Di qui la necessità ad aprire “nuovi orizzonti” e a “fare nuovi modelli”. Il Pontefice indica tre linguaggi attraverso i quali deve passare l’educazione, quello “della testa”, quello “del cuore” e quello “delle mani”. Tre linguaggi che debbono essere “in armonia” nella misura in cui “il bambino, il ragazzo pensi quello che sente e che fa, senta quello che pensa e che fa, e faccia quello che pensa e sente”.

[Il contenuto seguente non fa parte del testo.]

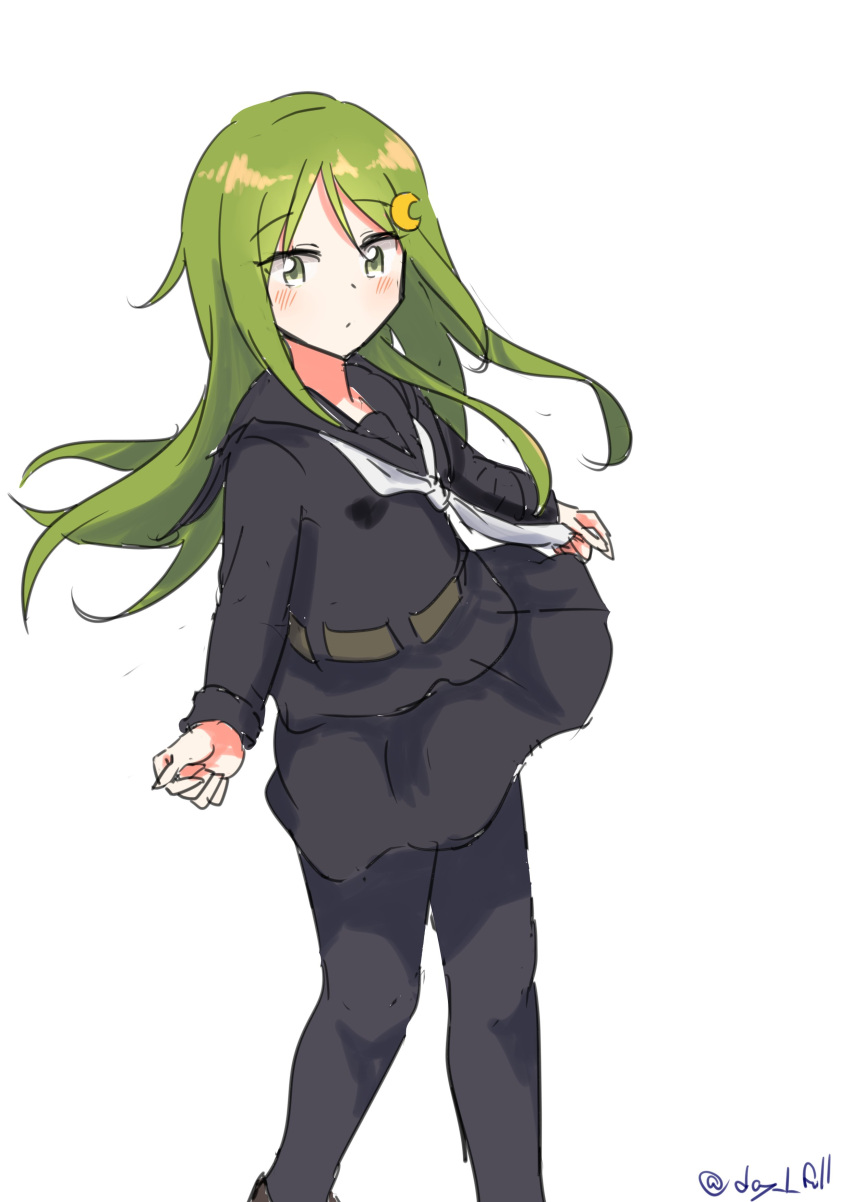 1girl absurdres black_pantyhose black_sailor_collar black_serafuku black_shirt crescent crescent_hair_ornament feet_out_of_frame green_eyes green_hair hair_ornament highres kantai_collection long_hair nagatsuki_(kancolle) neckerchief one-hour_drawing_challenge pantyhose robinson_(day_l_full) sailor_collar sailor_shirt school_uniform serafuku shirt simple_background solo white_background white_neckerchief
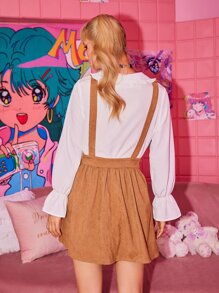 ROMWE Kawaii 卡通圖案燈芯絨口袋背帶裙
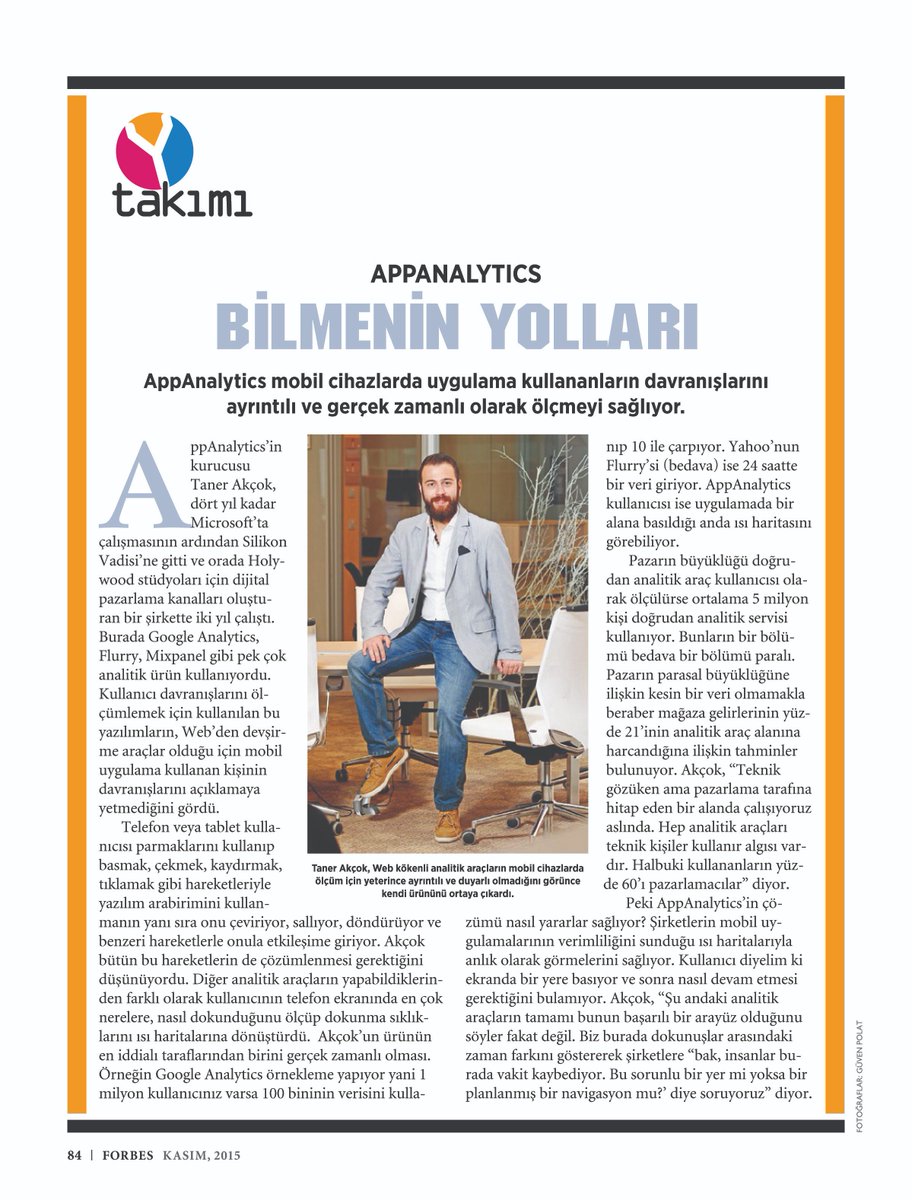 ForbesTurkey's tweet image. Taner Akçok&apos;un 2013&apos;te kurduğu #Appanalytics, 2015&apos;te Forbes Türkiye sayfalarında yer almıştı. 2016&apos;da ise @businessinsider tarafından dünyanın en hızlı büyüyen ikinci B2B girişimi seçilmişti.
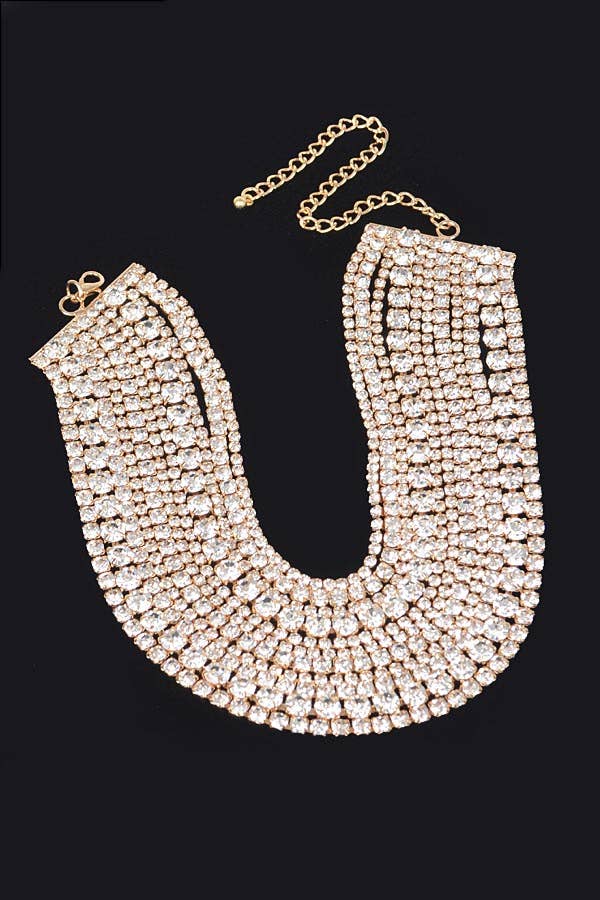 3AM BY H&D ACCESSORIES - Multi Rhinestone Layered Choker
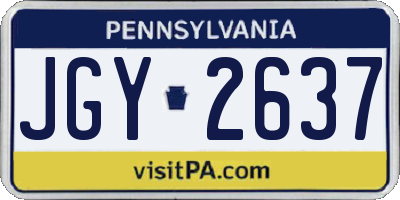 PA license plate JGY2637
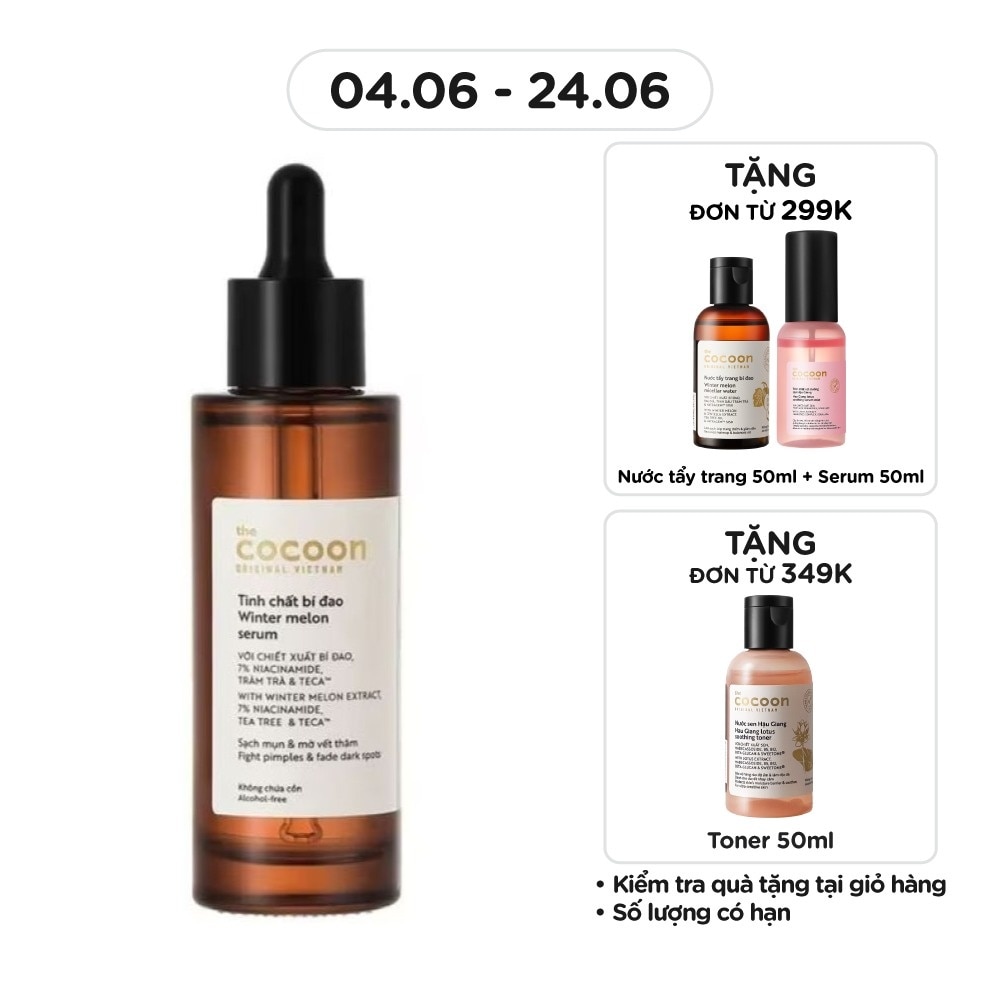 Tinh chất Bí Đao Cocoon Winter Melon Serum Sạch Mụn Và Mờ Thâm 70ml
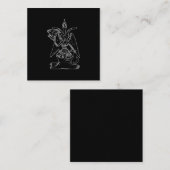 Carte De Visite Carré Chèvre Satan Black Magie Lucifer Occult Cadeau (Devant / Derrière)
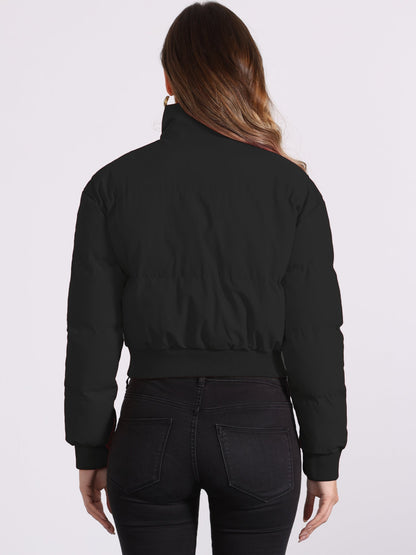 Effortless Bomber Jacket for Women with Stand Collar Zip Front Ribbed Cuff Style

Secondo il Vescovo di Roma, “il patto educativo è stato rotto per il fenomeno dell’esclusione”, così che “noi troviamo i migliori, i più selettivi, siano i più intelligenti, siano quelli che hanno più soldi per pagare la scuola o l’università migliore, e lasciamo da parte gli altri”. Di qui l’invito a praticare invece l’inclusione. Inclusione che consiste anche nell’insegnare “concetti, abitudini e valori”. E non nel selezionare dei “super-uomini”. Dietro a questo, ha detto, “sempre c’è il fantasma dei soldi: sempre!”. Soldi che “rovinano la vera umanità”.

In un contesto come quello attuale, segnato da ciò che lo stesso Francesco ha definito “guerra mondiale a pezzi”, il suo invito è ad andare nelle periferie, perché lì i giovani hanno “l’esperienza della sopravvivenza”, “hanno una umanità ferita”. La sfida degli educatori è proprio lavorare su queste ferite. “Non si tratta di andare là per fare beneficienza, per insegnare a leggere, per dare da mangiare: no. Questo è necessario, ma è provvisorio. È il primo passo”.

Francesco individua come nocciolo dell’impegno di un educatore far crescere questi giovani “in umanità, in intelligenza, in valori, in abitudini perché possano andare avanti e portare agli altri esperienze che non conoscono”. È quindi tornato sull’esempio di Don Bosco, che andava in periferia ma “non per fare beneficienza”.

La figura del muro da abbattere è la sintesi del messaggio offerto dal Papa. “I muri – ha detto in conclusione -. Difendersi, i muri. Il fallimento più grande che può avere un educatore, è educare ‘entro i muri’. Educare dentro ai muri: muri di una cultura selettiva, muri di una cultura di sicurezza, i muri di un settore sociale che è benestante e non può andare più”.